You might want to go to a chemistry glass supply website to check and see if your test tube is meant to be placed over an alcohol burner. If you have a centrifuge test tube I am not sure it would withstand the head of direct flame. It's better to make sure before you do it.



> P.S. I am quite new here so my lingo may be incorrect, for example I keep calling the dissolving of base metal in Nitric acid "nitric digestion" if this or anything is incorrect and confusing, I sincerely apologize.



I was able to understand you fairly clearly, with no confusion. 

Scott


----------



## maynman1751 (Jul 6, 2012)

Thanks Steve for filling in my inadequacy's. That is why I point out that I am not sure. Don't want to mislead or give wrong info.


----------



## NobleMetalWorks (Jul 6, 2012)

maynman1751 said:


> Thanks Steve for filling in my inadequacy's. That is why I point out that I am not sure. Don't want to mislead or give wrong info.



maryman,

You are not inadequate at all, I missed some things, and if someone else comes along and sees this post in a different way, they might have even more important information or suggestions. The beauty of this forum is such that each person contributes what they believe is important, then it is discussed, agreed on, and the thread marches on. So many different people see things in so many different ways, it's like having a think tank on your computer.
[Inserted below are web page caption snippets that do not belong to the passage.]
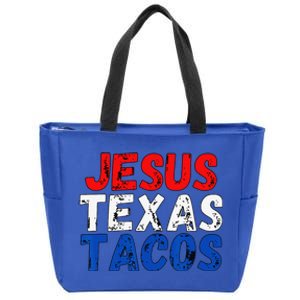 Jesus Texas Tacos Cute Texas Zip Tote Bag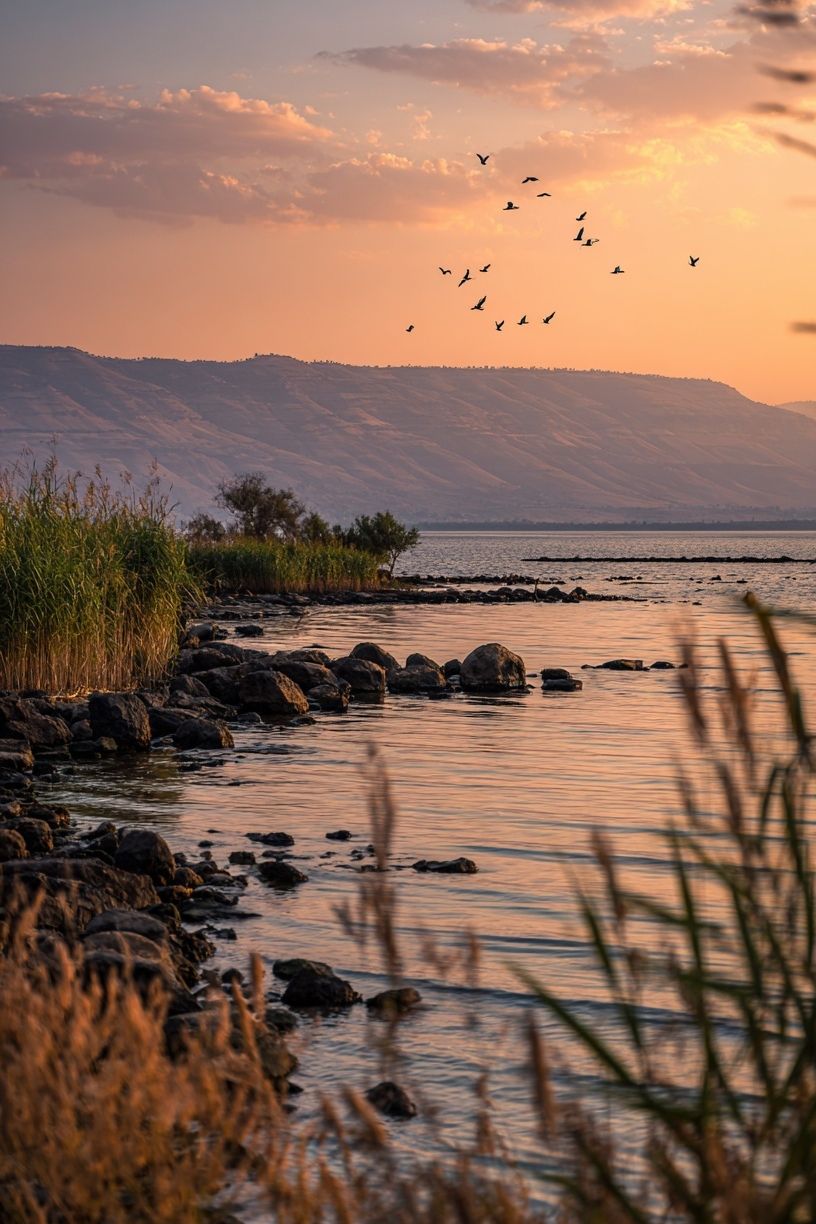 Sunset Lake Birds Photography Poster. poster detail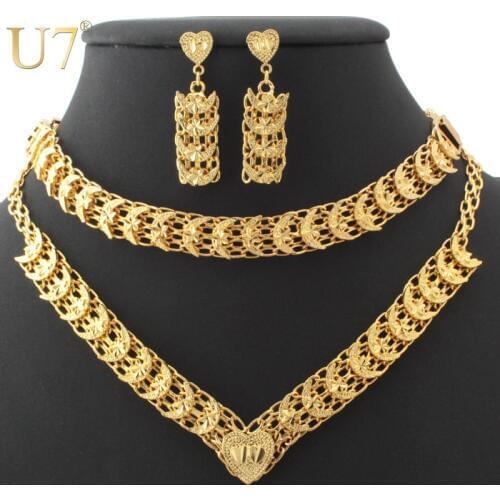 U7 Dubai Gold Color Fashion Jewelry Star & Moon Necklace Set For Women Necklace Earrings Bracelet Jewelry Sets S453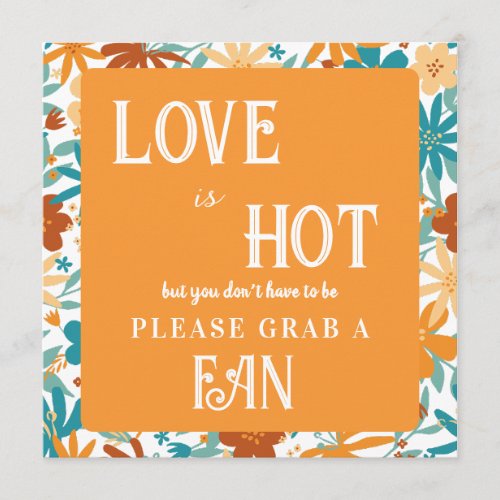 Retro Abstract Bright Bold Wedding Fan Sign Program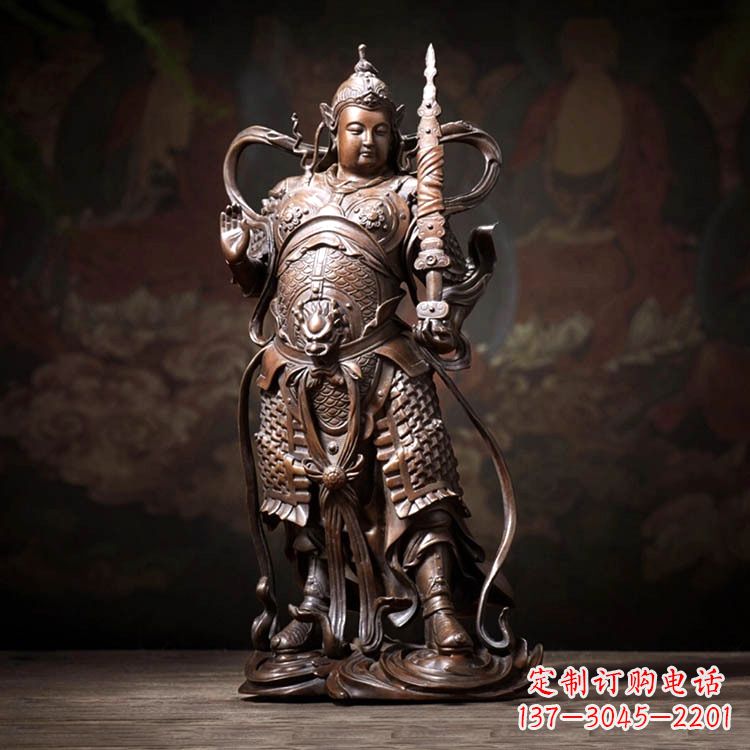 湖南托塔李靖天王铜雕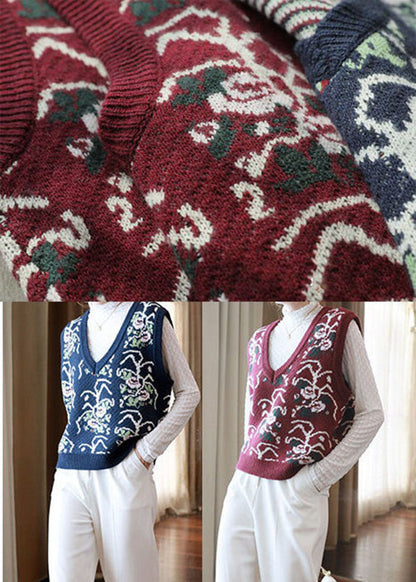 Red V Neck Print Knit Vests Spring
Truly this forum is very special.

I didn't mean to make it seem as if you missed anything, I was only expanding on what you have said. 

Oh yeah, and I'm Scott, not Steve, but I'll accept that as a compliment if it's alright with you. =)

Scott


----------



## FrugalRefiner (Jul 6, 2012)

yossarain, I'll add a couple more thoughts:



yossarian said:


> I was amazed, I did not expect such a quick violent reaction and so much heavy fumes, of course that is why I started with such a small experiment.


 Starting small is very wise. I hope you were also working in a fume hood or outdoors. It really doesn't take much NOx to damage your lungs as at least one of our members can attest.



> I know this [incineration] is done with sweeps or filings that are linty or have a lot of organic debris, but why is this necessary *after* the Nitric acid digestion? In this case I am certain that Hoke does not instruct to do this.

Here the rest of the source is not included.